It was chance that made Cajal, during his doctorate studies, have his first contact with histology and force him to study the then current theories about pathogenesis of inflammation. Thus, he gained knowledge of the vascular hypothesis, by Julius Cohnheim, a German pathologist who, opposing the opinion of his teacher and father of cellular pathology, Rudolf Virchow, made leukocytes the protagonists of inflammation, given their ability to develop ameboid movements directed by chemical STAT inhibitor signals. Cohnheim’s chemotactic theory deeply influenced Cajal’s conception of biology. So, the basic postulates of chemotaxis can be identified at different moments in Cajal’s research, from the description of the “growth
cone” in embryonic neuroblasts, the origin of the neurotrophic theory, to the proposal of the pathophysiological mechanisms of neuronal plasticity. From Cajal’s point of view, the neurons move during their development and also adapt to different external circumstances. Chemical endogenous substances can stimulate this movement in a similar way to leukocytes during the process of Wnt activation inflammation. (C) 2012 IBRO. Published by Elsevier Ltd. All rights reserved.”

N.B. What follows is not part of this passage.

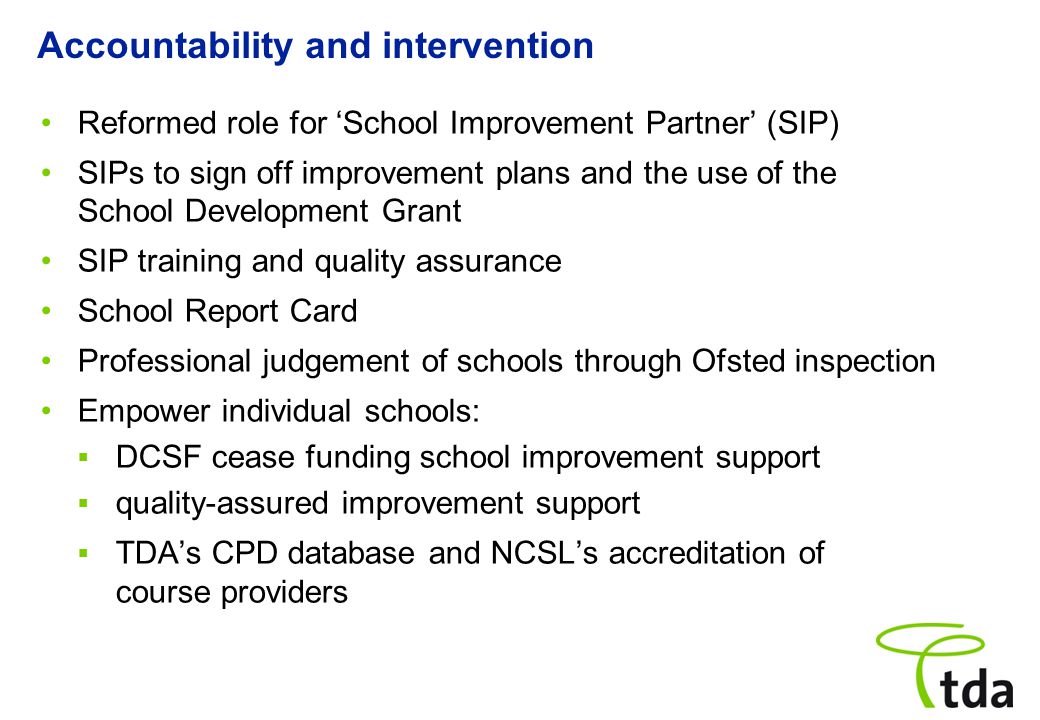 Reformed role for ‘School Improvement Partner’ (SIP) SIPs to sign off improvement plans and the use of the School Development Grant SIP training and quality assurance School Report Card Professional judgement of schools through Ofsted inspection Empower individual schools:  DCSF cease funding school improvement support  quality-assured improvement support  TDA’s CPD database and NCSL’s accreditation of course providers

“The invasive forms of apicomplexan parasites share a conserved form of gliding motility that powers parasite migration across biological
barriers, host cell invasion and egress from infected cells. Previous studies have established that the duration and direction of gliding motility are determined by actin polymerization; however, regulators of actin dynamics in apicomplexans remain poorly characterized. In the absence of a complete ARP2/3 complex, the formin selleck screening library homology 2 domain containing proteins and the accessory protein
profilin are presumed to orchestrate actin polymerization during host cell invasion. Here, we have undertaken the biochemical and functional characterization of two Toxoplasma gondii formins and established that they act in concert as actin nucleators during invasion. The importance of TgFRM1 for parasite motility has been assessed by conditional gene disruption. The contribution of each formin individually and jointly was revealed by an approach based upon the expression of dominant mutants with modified FH2 domains impaired in actin binding but still able to dimerize with their respective endogenous formin. These mutated FH2 domains were fused to the ligand-controlled destabilization domain (DD-FKBP) to achieve conditional expression. This strategy proved unique in identifying the non-redundant and critical roles of both formins in invasion. These findings provide new insights into how controlled actin polymerization drives the directional movement required for productive penetration of parasites into host cells.”
“Background: Increased visceral adipose tissue (VAT) is “pathogenic” through adverse endocrine and immune contributions to metabolic diseases such as diabetes mellitus, hypertension, and dyslipidemia.